In your example, the crew may have time to run from one end of the ship to the other even though external shots (and/or speed indicators on internal displays) clearly show they didn't have enough time. They may have entire conversations or "it was good knowing you" speeches. In order to make this seem a little more plausible, they often use every bit of real estate (sometimes re-using a couple shots from different angles and hoping you don't notice), which results in the ship pulling up "at the last second" 30 seconds after the last second.
(One of my pet peeves on this one is the "No! You don't have time to save me! Go on without me!" arguments that take four times longer than it would have taken to just go back and save them.)
Tolkien invented a word for this when it involves the entire story.
Tolkien created the term eucatastrophe (literally, a good unraveling of the plot) to refer to a case where the entire storyline is brought to a point where the good guys just can't win. Then suddenly a plot device enters and saves the day. This often overlaps with a deus ex machina device, but doesn't have to. It's also a darkest hour type of trope.
In your example, it's not just the Enterprise crew at stake here; the Borg/Xindi/whoever have been at the throats of the Federation for the last half of the season, they have the alphaomegagigasupersayan doomsday device, half the crew is dead, and the only hope is for the Enterprise to launch a special proton torpedo at the doomsday device from point-blank range. They've been hit, are falling, Scotty's unconscious, Kirk's out of commission, Spock was kidnapped two episodes ago and is nowhere to be seen, and the ground station that was planning to use force fields to catch the Enterprise just took a sucker punch from an antimatter bomb. All hope is lost.

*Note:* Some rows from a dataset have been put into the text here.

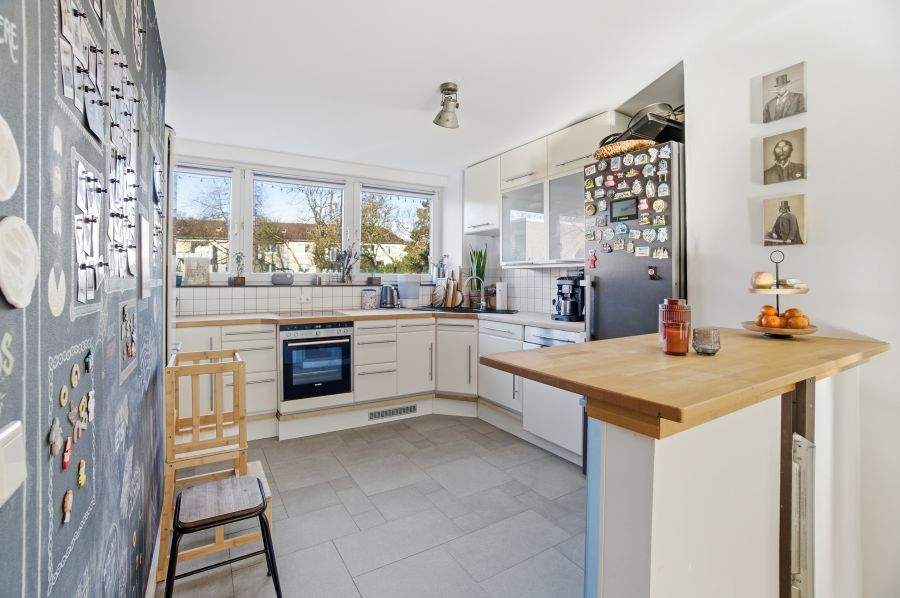 Etagenwohnung Düsseldorf Hassels - 2 Zimmer, 83 m&sup2;, 325.000&euro; | Angebot:24974732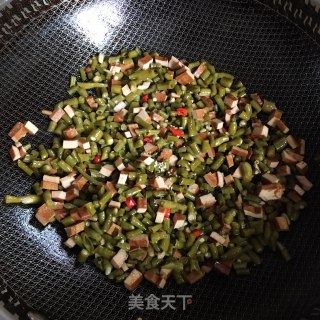 香干炒酸豆角步骤4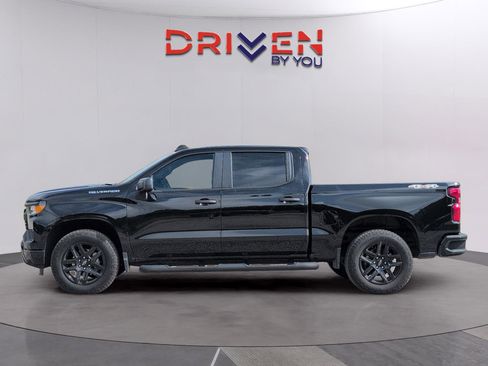 Used 2025 Chevrolet Silverado 1500 Custom w/ Turbomax Blackout Package image 2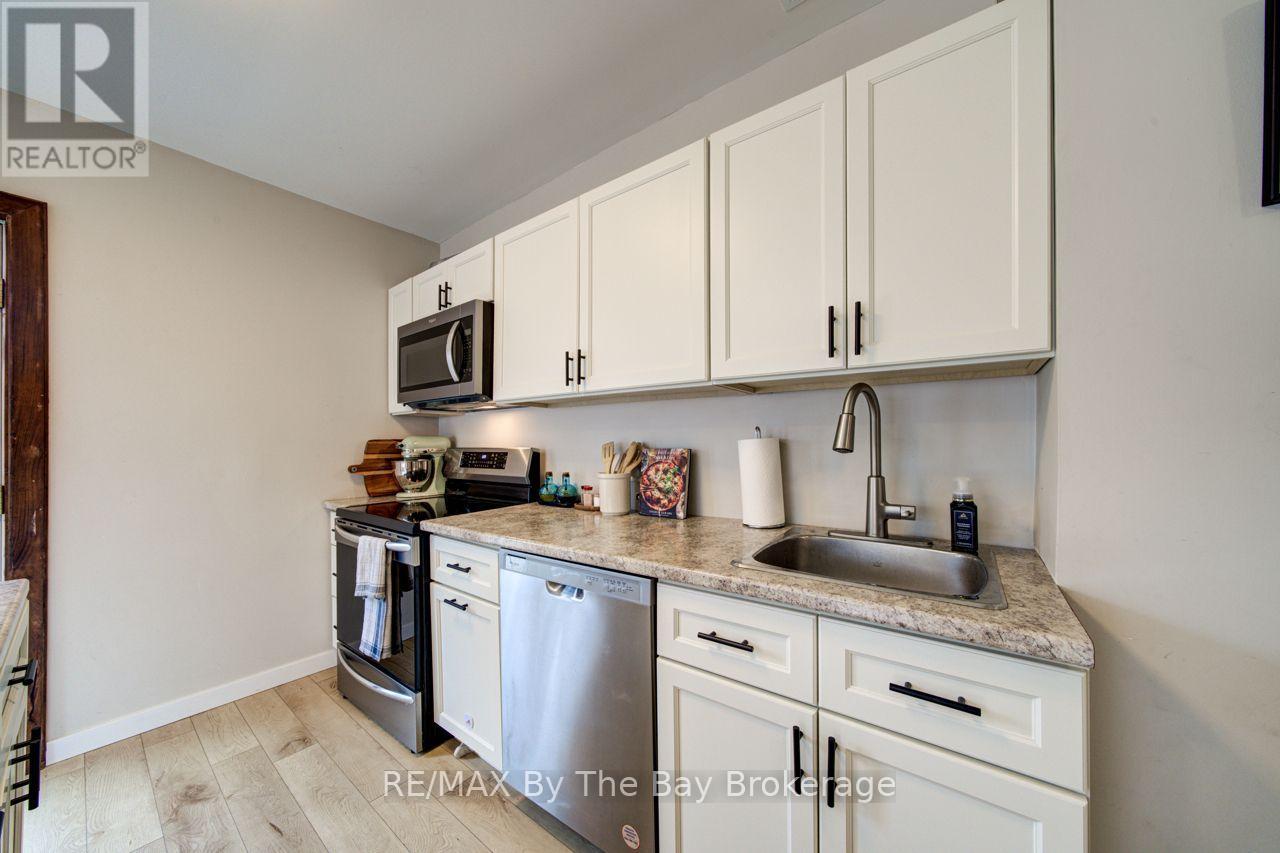 794116 Grey Rd 124 Road Property Photo 8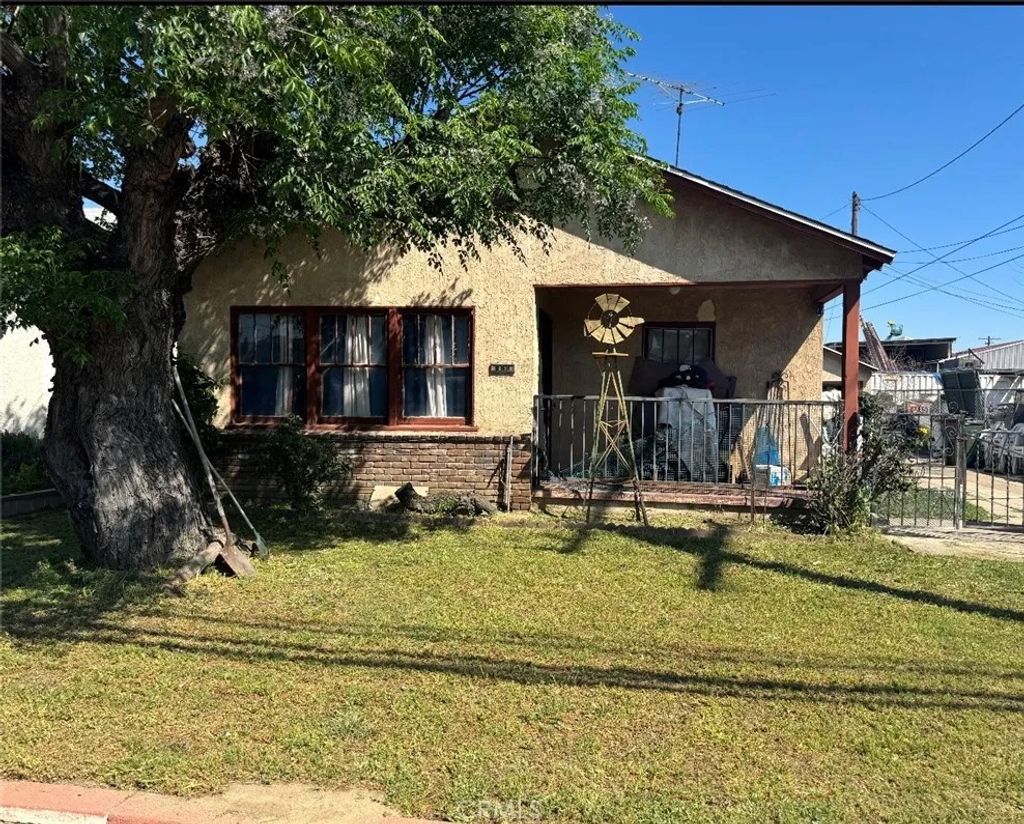 Photo of 956 S Reservoir St, Pomona, CA 91766 (MLS # CV26063007)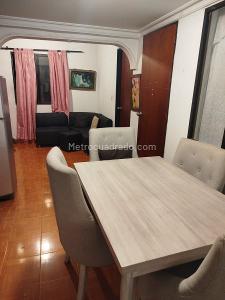 Apartamento de 4 alcobas en venta en Belen Altavista Parte Baja, Medellín, 65 m² · foto 1 de 8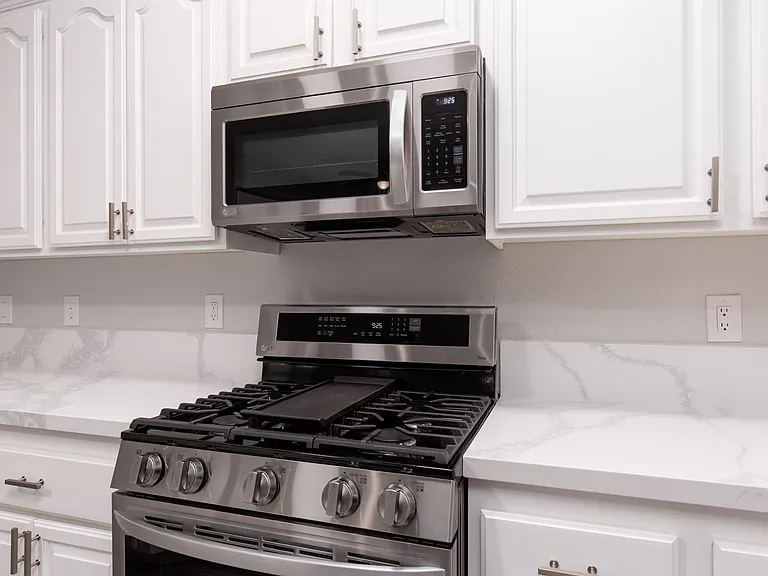 57 Ashby Hills Ct — Photo 16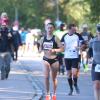 Tausende Menschen sind beim Einstein-Marathon am Sonntag bei bestem Wetter durch Ulm und Neu-Ulm gejoggt. 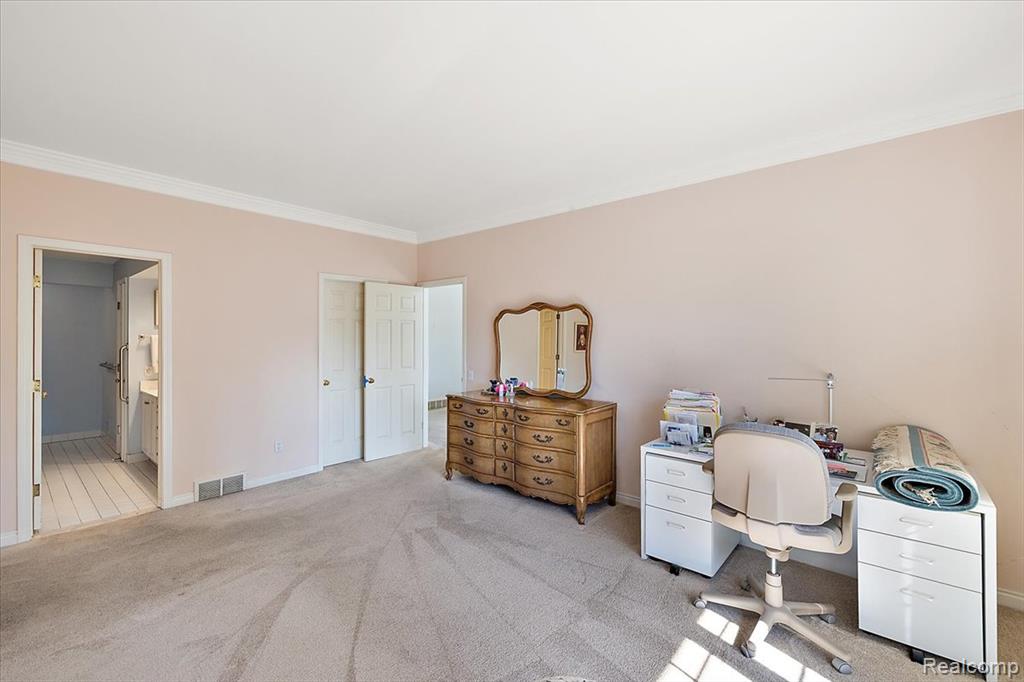 9000 Harbor Place Drive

First, Earth, then the Federation. Abandon all hope, ye who live here.
Then McCoy remembers a serum that reverses the alien blood plague, revives Kirk, Scotty wakes up and realizes the transducer overlay can be connected to the thruster alignment matrix to boost the impulse engines long enough to get the ship lined up for the shot. Ahura gets a comm signal from Spock who calmly suggests the Enterprise hurry up so they can use the opening he just created. Pew pew pew, kerrrshhhplode, happily ever after.
This is an extreme version of building tension, and can be difficult to get right. One man's "on the edge of my seat" is another man's "eww, just get on with it already".
1I'm not completely familiar with this exact scene, so I'm going with the general cases that appear a few times in Star Trek.